Moçambique tem metade dos 190 ME que precisa para chuvas que ameaçam 1,2 milhões

O Governo moçambicano aprovou hoje o plano de contingência para a época chuvosa 2025/2026, que admite poder afetar 1,2 milhões de pessoas, mas tem menos de metade dos 14 mil milhões meticais (190 milhões de euros) necessários.

Green Savers com Lusa

O Governo moçambicano aprovou hoje o plano de contingência para a época chuvosa 2025/2026, que admite poder afetar 1,2 milhões de pessoas, mas tem menos de metade dos 14 mil milhões meticais (190 milhões de euros) necessários.

“Da parte que temos disponível, em termos de capacidade para lidar com isto, estamos a falar de cerca de seis mil milhões de meticais [81,4 milhões de euros], que é uma parte daquilo que foi computado como necessário para este ano, está disponível em meios, em equipamentos e algum dinheiro”, disse o porta-voz do Conselho de Ministros, Inocêncio Impissa.

A época das chuvas em Moçambique começou este mês e prolonga-se até abril, tendo aquele órgão aprovado hoje o plano de contingência, que admite três cenários, podendo afetar de menos de um milhão a quatro milhões de moçambicanos. Contudo, o Governo trabalha como cenário mais realista consequências para cerca de 1,2 milhões de pessoas, na previsão intermédia.

“Feita a análise das previsões climáticas sazonais e a interpretação para a hidrologia, agricultura e saúde, conjugadas com a análise da vulnerabilidade e dos fatores de contenção, o Governo adota um plano de contingência que responda a um cenário de ocorrência de ventos fortes, inundações urbanas, seca, cheias e ciclones”, explicou.

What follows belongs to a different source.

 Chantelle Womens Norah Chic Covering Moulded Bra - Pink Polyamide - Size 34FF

O plano, reconheceu Impissa, em declarações aos jornalistas no final da reunião semanal daquele órgão, tem “um défice de oito mil milhões de medicais [108,6 milhões de euros], que se espera ser reduzido através de outras fontes de financiamento, como sejam o seguro paramétrico, implementação de ações antecipadas à seca, cheias e ciclones, e doações em espécie ou em numerário”.

Insistiu que “boa parte da resposta” no âmbito dos desastres naturais “tem estado no comportamento” da população, juntamente com a atual “boa capacidade” do país para fazer previsões, “resultado dos investimentos na área da meteorologia”.

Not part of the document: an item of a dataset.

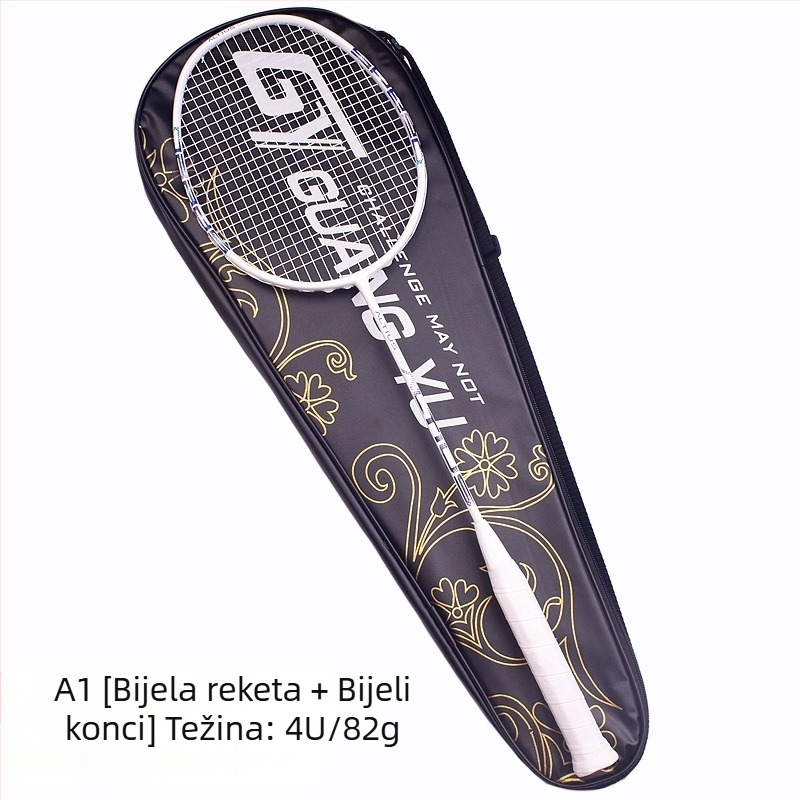 Raketa za badminton - karbonska okvira, težina 80–84 g, debljina drške G5, pravi udarac, materijal navoja Fiber Silk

“E a política alterou. Para nós agora é investir na recuperação e não propriamente nos desastres. Nos desastres, o que vamos fazer é conseguir gerir o risco, mas queremos investir mais no restabelecimento das pessoas e no restabelecimento das condições para as pessoas poderem ser mais resistentes e resilientes às questões de risco”, concluiu Impissa.

Em 12 de setembro, as autoridades moçambicanas alertaram para cheias de “grande magnitude” no país e inundações em pelo menos quatro milhões de hectares agrícolas durante a próxima época das chuvas, que se iniciou em outubro, em Moçambique.

Moçambique é considerado um dos países mais severamente afetados pelas alterações climáticas, enfrentando ciclicamente cheias e ciclones tropicais durante a época chuvosa, que decorre anualmente entre outubro e abril.

Só entre dezembro e março passados, na última época das chuvas, Moçambique foi atingido por três ciclones, incluindo o Chido, o primeiro e mais grave, no final de 2024, com registo de quase 200 mortos.

O número de ciclones que atingem o país “vem aumentando na última década”, assim como a intensidade dos ventos, alerta-se no relatório do Estado do Clima em Moçambique 2024, do Instituto de Meteorologia de Moçambique, divulgado em março.

Os fenómenos meteorológicos extremos provocaram pelo menos 1.016 mortos em Moçambique, entre 2019 e 2023, afetando cerca de 4,9 milhões de pessoas, segundo dados do Instituto Nacional de Estatística.